About a dozen volunteers wearing rubber boots and slathered in sunscreen have come to Robinson Preserve along the south shore of the Manatee River in Northwest Bradenton to plant saltmarsh grass along new areas of tidal basin.
Damon Moore, a Division Manager with Manatee County's Parks & Natural Resources, gathered this crew at a marsh grass nursery created a decade ago at this 600-plus acre park.
The first part of bolstering this important coastal habitat is digging up the cordgrass before transplanting it to bare shoreline elsewhere in the preserve.
Armed with shovels and large buckets, the volunteers march ankle-deep into a mudflat thick with spongy muck. The crew — nicknamed the RIP Squad — are starting what could be a seven-year long process of creating a mangrove forest designed to protect the area from the impacts of climate change.

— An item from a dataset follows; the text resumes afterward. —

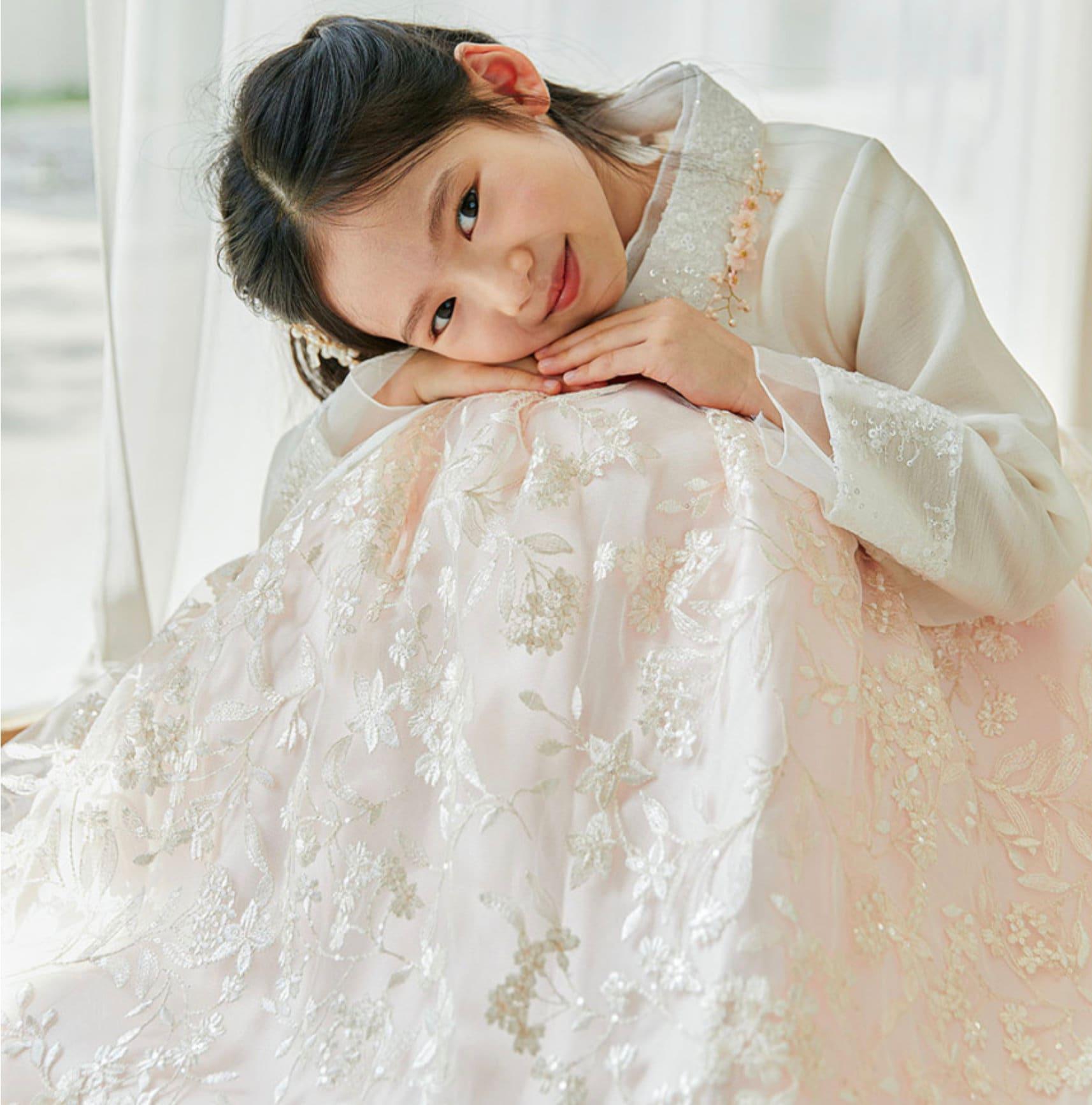 Soyoul Lace Dress Girl Hanbok (100D-8YR) - Native Korean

It will take about a year for these plantings to fully coalesce, then, through natural succession, the marsh grasses will capture mangrove seeds on the tides.
Volunteer Brenda Nusbaum is originally from Ohio, and now lives in Lakewood Ranch.

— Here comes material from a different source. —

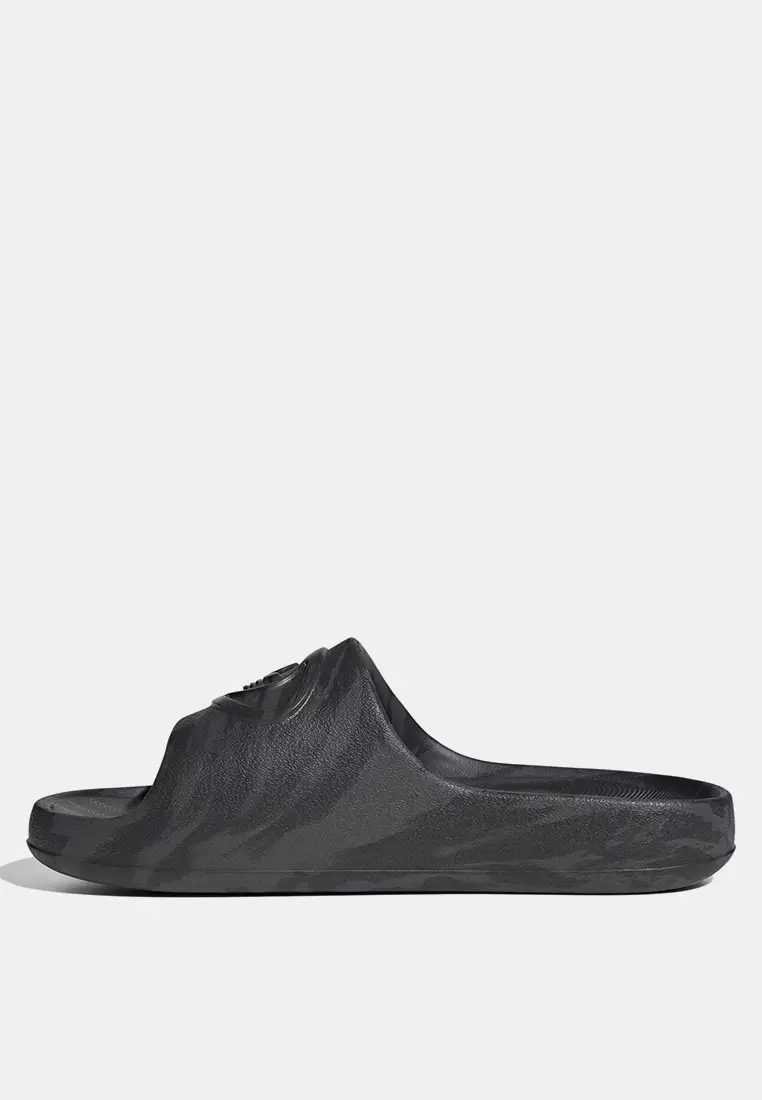 Lifestyle ADILETTE 00s SLIDES Men Grey KK4958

"Since I've been in Florida, I've learned about the importance of the mangroves as far as filtration, and protecting our water and carbon dioxide," she said. "And the salt marshes are so critical because of the things that are released in the bay. They have to be filtered out or there won't be anything left."
Similar saltmarsh restoration projects in Manatee County at Emerson Point Preserve and Perico Bayou show how these habitats are the foundation of the coastal food chain. The plants feed small animals which, in turn, feed larger animals such as birds, crabs, and fish.

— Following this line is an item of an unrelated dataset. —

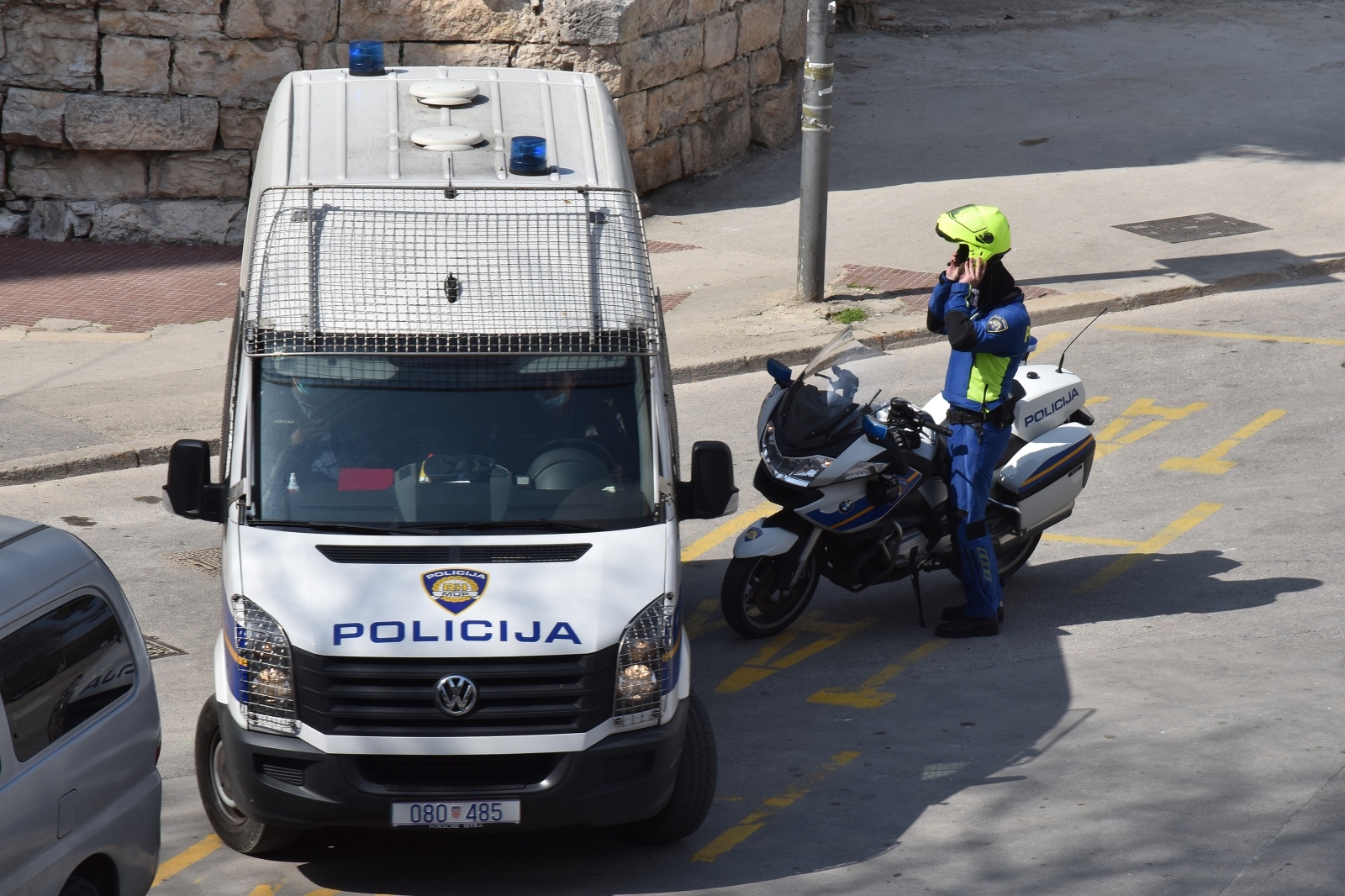 Policija u ophodnji na ulicama Pule Policija u ophodnji na ulicama Pule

Restoration efforts improved water quality in the surrounding areas, and the native habitats supported nesting for multiple protected bird species as well as spawning waters for snook and tarpon.
Saltmarsh cordgrasses are extremely hardy, grow in salt-tolerant conditions, and are easy to pull in transport. They also greatly reduce pollutants in the water by filtering out excess nutrients and chemicals.
Damon Moore manages ecological restoration in Manatee County. He says it may take seven years to establish a mangrove forest — but when that happens, there’s an even bigger impact on the environment.
Mangroves can mitigate the impacts of climate change by offering flood protection and buffering coastal communities from the full impact of storms that have become more frequent and intense.
"You can just look at the physical aspect of a mangrove swamp, there's so many roots going down into the ground to hold things in place,” said Moore “That's really important in storm surge situations, where we have tidal flows where there aren't usually tidal flows, so this is a great opportunity to get more in here and bolster what we already have.
"I think the most important thing to recognize is that natural shorelines and natural lands in general, provide numerous benefits. The more natural area between open water and the built environment the better.”
According a report by the Nature Conservancy of Florida and the University of California, mangroves prevented an additional $1.5 billion in direct damages to Florida from Hurricane Irma in 2017. Their analysis also found that just 100 yards of mangrove trees can reduce wave height by 66%.
Moore says salt marshes, seagrass, and mangroves also capture massive amounts of carbon dioxide emissions and other greenhouse gases.
"The biomass within these things, they're pulling that carbon out of the atmosphere,” he said. “It’s stored in their root materials so it’s out of the atmosphere and it's sequestered.”
The saturated soil found in marsh ecosystems can retain more carbon per acre than some terrestrial forests and is often referred to as blue carbon — that is, carbon captured and retained by coastal ecosystems.
The volunteers mucking it up at Robinson Preserve say that’s what makes this sea grass planting so important — the long game.
And as a small fiddler crab scampers by them, it’s a reminder that the habitat created here will have a big impact on future generations of creatures and humans.